We already have a queue (RabbitMQ). Considering the different errors described by @smacker, what would be the retry policy?

dpordomingo avatar Jan 11 '19 16:01 dpordomingo

Just for curiosity, is there some link to issue/PR/minutes/design doc containing the rationale behind the choice of RabbitMQ as queue instead for example of Kafka or others?

se7entyse7en avatar Apr 11 '19 18:04 se7entyse7en

BTW the easiest thing would be to just re-enqueue failed jobs indefinitely or add a retried field. Then we can improve this solution by having another queue for "dead" jobs (as @smacker said a 400 could be interpreted as a permanent error). If we're going to do manual operations on this dead jobs we could also consider using a DB as an alternative instead of using another queue. I'd use a queue if we plan to have another consumer that consumes from this queue and performs something.

I still have to think about how we could handle the increasing delay. 🤔

se7entyse7en avatar Apr 11 '19 19:04 se7entyse7en

One thing that we could do for jobs that failed with a recoverable error, is to push them into a "recoverable" queue with a scheduled_for key, and have consumers reading from it. If the read job has a scheduled_for datetime that is elapsed, then it is retried otherwise it's re-enqueued or the consumer waits. In the case of republishing in the queue, the delay won't be exact, but I don't think this is important.

se7entyse7en avatar Apr 11 '19 20:04 se7entyse7en

Kafka isn't a queue.

For other alternatives: we don't have any specific requirements for a queue.
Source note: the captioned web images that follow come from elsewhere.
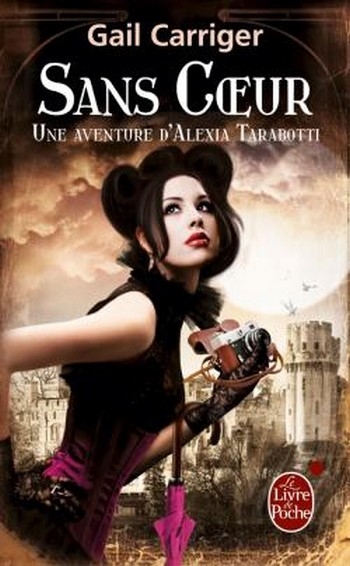 Couverture Une aventure d'Alexia Tarabotti, Le Protectorat de l'ombrelle, tome 4 : Sans coeur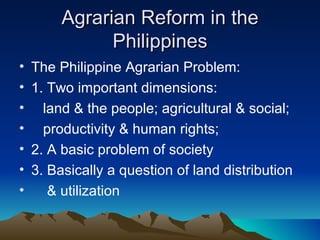 Agrarian Reform in the
               Philippines
•   The Philippine Agrarian Problem:
•   1. Two important dimensions:
•     land & the people; agricultural & social;
•     productivity & human rights;
•   2. A basic problem of society
•   3. Basically a question of land distribution
•      & utilization
 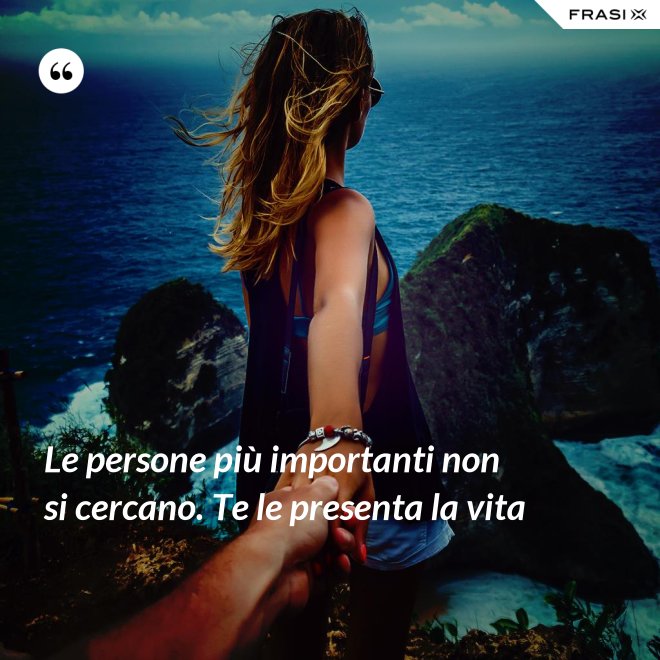 Le persone più importanti non si cercano. Te le presenta la vita - Anonimo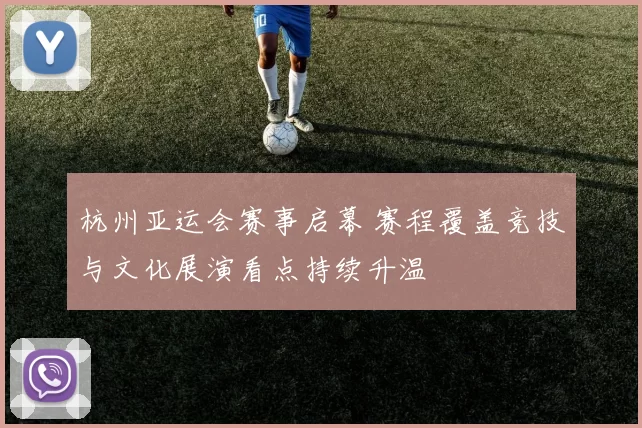 杭州亚运会赛事启幕 赛程覆盖竞技与文化展演看点持续升温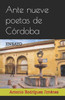 Ante nueve poetas de Córdoba: Ensayo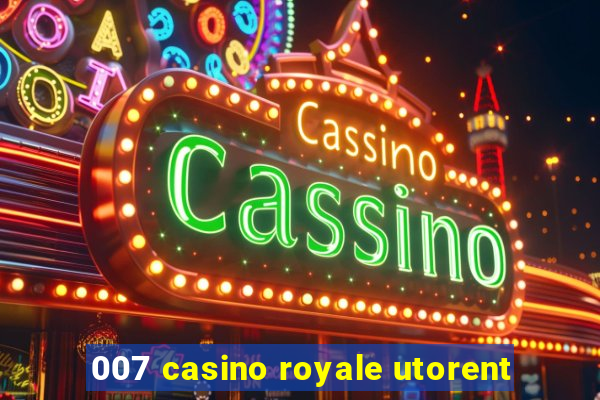 007 casino royale utorent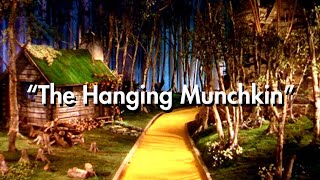 The Hanging Munchkin The Wizard Of Oz Creepypasta
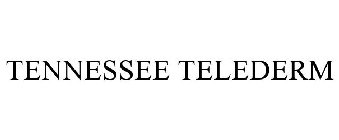 TENNESSEE TELEDERM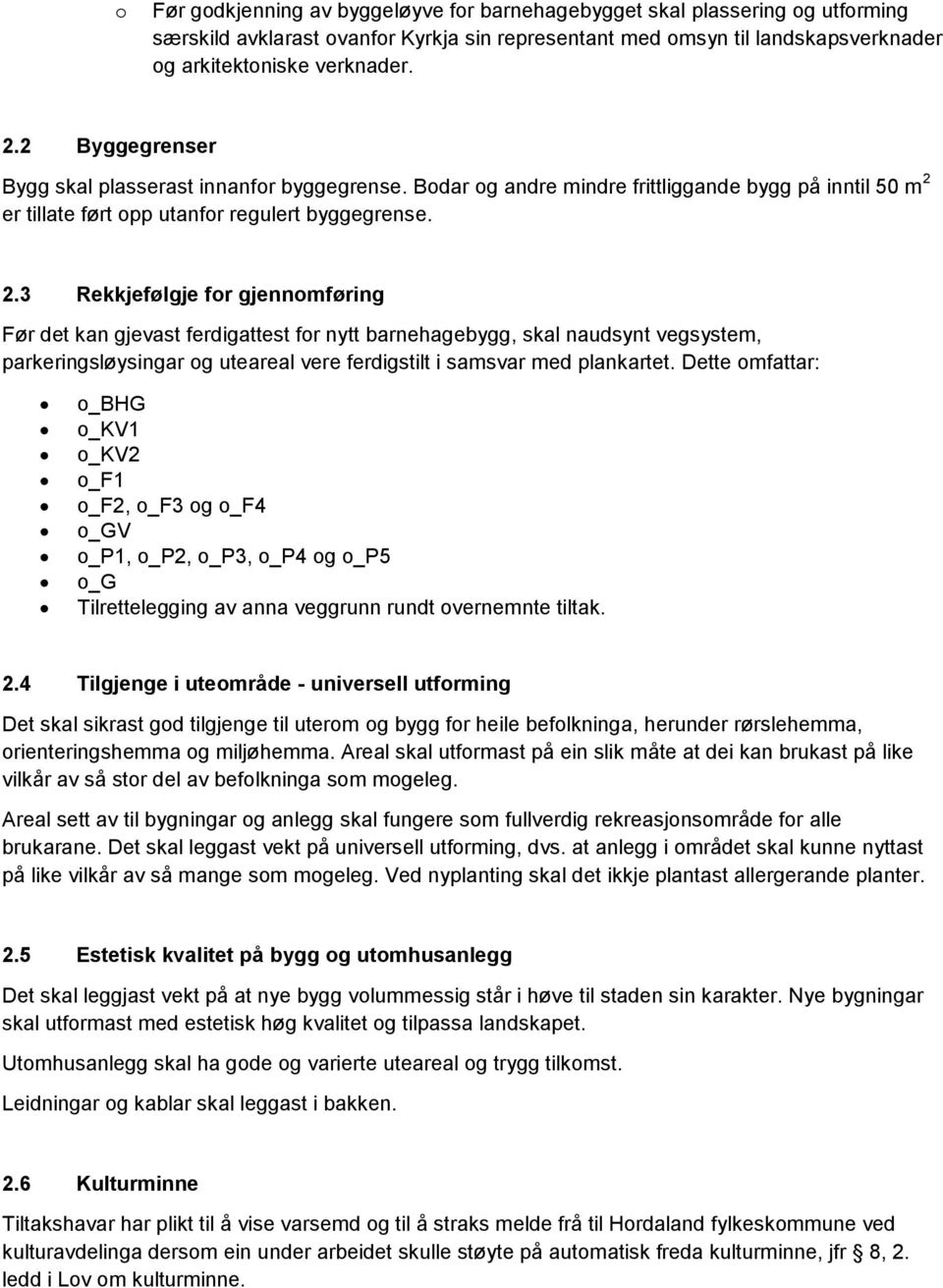 er tillate ført opp utanfor regulert byggegrense. 2.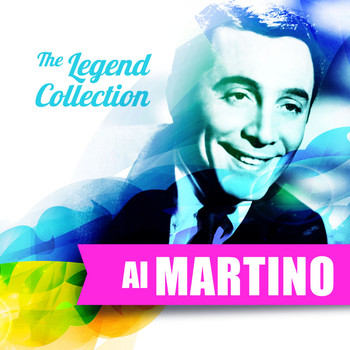 Al Martino - The Legend Collection: Al Martino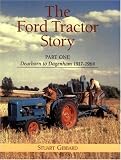 The Ford Tractor Story 1917-1964: Dearborn to Dagenham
More or less any other queue would work for us. But RabbitMQ is most probably the most popular and flexible solution plus it is supported by src-d/go-queue.

smacker avatar Apr 11 '19 20:04 smacker

It's more or less clear how to deal with errors mentioned in the description. A more interesting question is how far do we want to go on a range of simplicity-robustness.

smacker avatar Apr 11 '19 20:04 smacker

Kafka isn't a queue.

You're right in the sense that it's not strictly FIFO, I don't know whether you mean something else, on the other hand, I would define it a multi-partitioned queue.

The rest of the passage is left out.